然而,今天,灰色地帶具有更大的意義。首先,在我們現今生活的以服務為導向、高度專業化和基於技術的經濟體系中,關係網絡和聯繫比以往任何時候都更重要。它們決定我們如何獲知潛在工作機會、誰有嚴重考慮資格、工作表現的評估方式,以及當時機轉換工作時,誰可以獲取和了解其他職位的信息。文化動態也更重要,因為組織通常將團隊合作和協作計劃視為工作設計的核心部分。不管技術能力如何,即使硅谷沒有任何聯繫人,也不擅長與他人合作的產品工程師,在Facebook求職難上加難。今天,灰色地帶幾乎或有時同樣重要如履行工作的技術要求。
即使在文化上從明確重視多元化到刻意避免提及種族的組織中,共同點是許多工作場所對黑人工人來說仍然造成不適應——甚至對他們面臨的挑戰視而不見。
在我作為社會學教授的職業生涯中,我與近200名不同行業的黑人工人交流。他們中許多人共同點在於,組織規範和文化很少考慮到他們的經歷。

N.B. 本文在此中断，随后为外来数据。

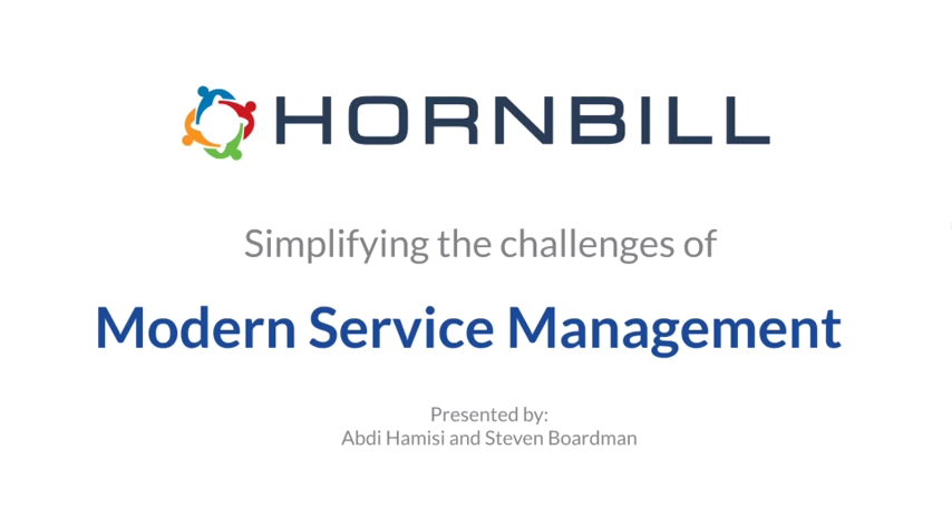Welcome to this video. My name is Abdi Hamisi and I'm joined by my colleague Steve Boardman. Together we're going to take you through a presentation on simplifying the challenges of modern service management. We'll look at some of the challenges that Hornbill seeks to address for our customers and take you through a brief product overview so you can see a little bit of what the Hornbill solution does.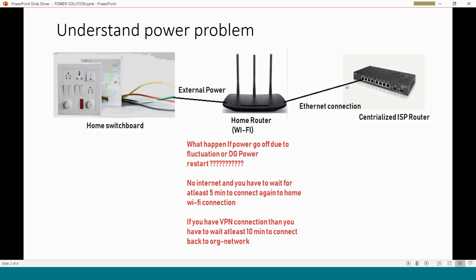The ISP router is generally PoE-enabled, so it does not require any power backup — this connection is always up. Even if you don't want to use the home Wi-Fi router, you can directly connect your laptop to that Ethernet and get internet from there.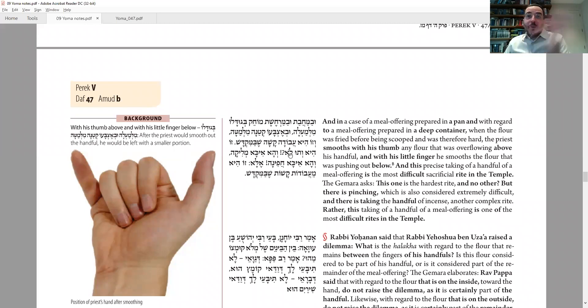The Gemara interjects: that's the hardest thing? There are other hard things. Haika Melika — when you hold the bird and with your thumb break the neck with your nail. According to the Rambam you could use two hands; according to Tosafot you have to do it all with one hand — very difficult. And there's also Chafina — the taking of the incense, which we're talking about now — also very difficult, with many details. The Baraita actually changes the wording: this is one of the most difficult things to do in the Beit HaMikdash — to bring the precise amount of meal offering. So now we learned details from the Sifra and will ask a few questions.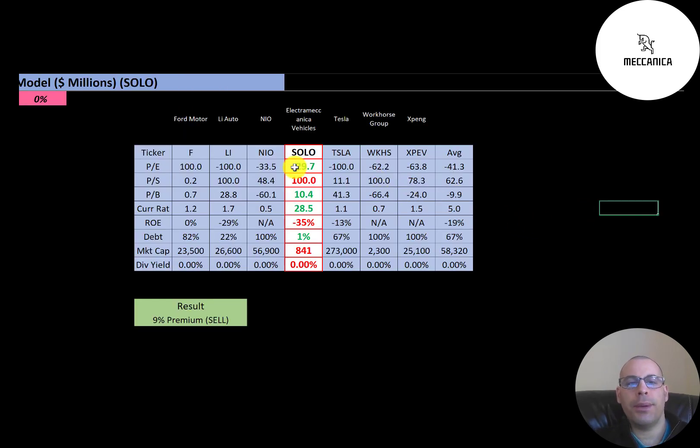The best way to look at ratios is to compare them to similar companies. I've done videos on Ford, Li Auto, Nio, Tesla, Workhorse, and XPeng — all in the same industry as Solo. If Solo has a number in green, they're better than the average; red means worse. They're better in PE because the average is so bad. They have a worse price-to-sales ratio. They do have a positive price-to-book ratio because several companies in this industry have negative book value. Their current ratio is the highest of all the companies. ROE is a lot worse. They almost have no debt, financing their business on equity, while other companies appear to be financing on debt. Their market cap is the smallest of all the companies at $841 million.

舉個例子,康斯坦斯(為保障隱私已更名)。她外表小巧、膚色咖啡色,頭髮整齊編成辮子,神情認真嚴肅。我猜測她有這種保護性外表,是多年在專業領域成為唯一的黑人女性所致。她在國內一所頂尖研究型大學擔任化學工程教授。化學工程師可以使用巨大的實驗室和看起來很複雜的不鏽鋼設備,對我來說都很令人困惑和畏懼。但對康斯坦斯來說,這些空間遠比較舒適,她用簡單到我幾乎能理解的方式向我介紹她目前的一些研究項目。

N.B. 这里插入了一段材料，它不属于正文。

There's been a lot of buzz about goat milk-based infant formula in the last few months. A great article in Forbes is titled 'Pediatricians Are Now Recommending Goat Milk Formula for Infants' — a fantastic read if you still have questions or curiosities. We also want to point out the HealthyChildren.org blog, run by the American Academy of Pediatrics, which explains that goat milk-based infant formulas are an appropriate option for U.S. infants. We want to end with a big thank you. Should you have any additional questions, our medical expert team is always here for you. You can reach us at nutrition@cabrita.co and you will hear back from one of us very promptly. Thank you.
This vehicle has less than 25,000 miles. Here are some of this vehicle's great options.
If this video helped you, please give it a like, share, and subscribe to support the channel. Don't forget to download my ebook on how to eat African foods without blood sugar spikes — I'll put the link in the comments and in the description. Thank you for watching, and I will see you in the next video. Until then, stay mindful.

作為化學工程師,康斯坦斯不在研究或教授與種族有關課題的部門工作。她部門大多數同事,如她一樣,都專注於金屬、微粒和化學等自然世界。然而,部門規範鼓勵教職員與研究生之間的合作,以及教職員之間的合作,以產出結果。在康斯坦斯看來,這個部門可以看作一個部族文化,鼓勵員工培養聯繫,通過共識作出決定,有效溝通。

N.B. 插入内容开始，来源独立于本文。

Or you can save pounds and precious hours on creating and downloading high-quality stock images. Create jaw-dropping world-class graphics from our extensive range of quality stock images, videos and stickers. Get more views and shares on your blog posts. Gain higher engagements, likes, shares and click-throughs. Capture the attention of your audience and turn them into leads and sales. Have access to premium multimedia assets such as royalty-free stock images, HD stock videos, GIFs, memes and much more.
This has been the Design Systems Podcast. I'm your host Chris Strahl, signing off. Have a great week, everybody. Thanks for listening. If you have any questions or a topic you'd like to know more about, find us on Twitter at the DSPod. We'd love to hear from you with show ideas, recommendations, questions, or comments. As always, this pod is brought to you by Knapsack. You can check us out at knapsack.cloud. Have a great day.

儘管如此,康斯坦斯的部門在種族或種族主義問題上幾乎不進行討論,也不關注黑人學生或教職員可能面臨的挑戰。這並不意味著自然科學部門必然能夠建立免受偏見的文化。
雖然同事更願意專注於科學研究、出版物和爭取外部資金,但康斯坦斯仍在這個設定中面臨困難,似乎直接與她作為黑人女性的身份有關。她曾有大學生公開懷疑她不了解自己的研究;在校外遇到同事時被忽視;評審報告反映明顯的種族和性別偏見。她告訴我其中一個最令人難忘的惡劣行為例子:「我曾有一個白人男同事打電話給我,說我的研究不會成功,然後發表同樣內容的論文。我們之前從未見面——至今也從未見過面。」
在部門中規範避免討論種族或種族主義的情況下,這些問題被忽視。康斯坦斯指出,大多數部門同事都拒絕承認她收到的明顯種族主義教學評價,或同行之間的常見刻板印象。他們對她試圖建立在該領域必要的合作關係所面臨的阻力和普遍不感興趣視而不見。「你不能每次發生壞事就去投訴種族主義,因為沒有人會相信你,」康斯坦斯表示憤慨。「他們要求證據。然後當你告訴人們你遇到什麼時,他們想告訴你那不是種族主義。他們無法體會你的觀點,所以沒有意義繼續下去。」
對康斯坦斯來說,這種動態——深知種族主義阻礙自己,同時同事堅決拒絕認識這一事實——既令人困惑又不安。她深信自己正面臨著種族主義阻礙,但同事們卻視而不見。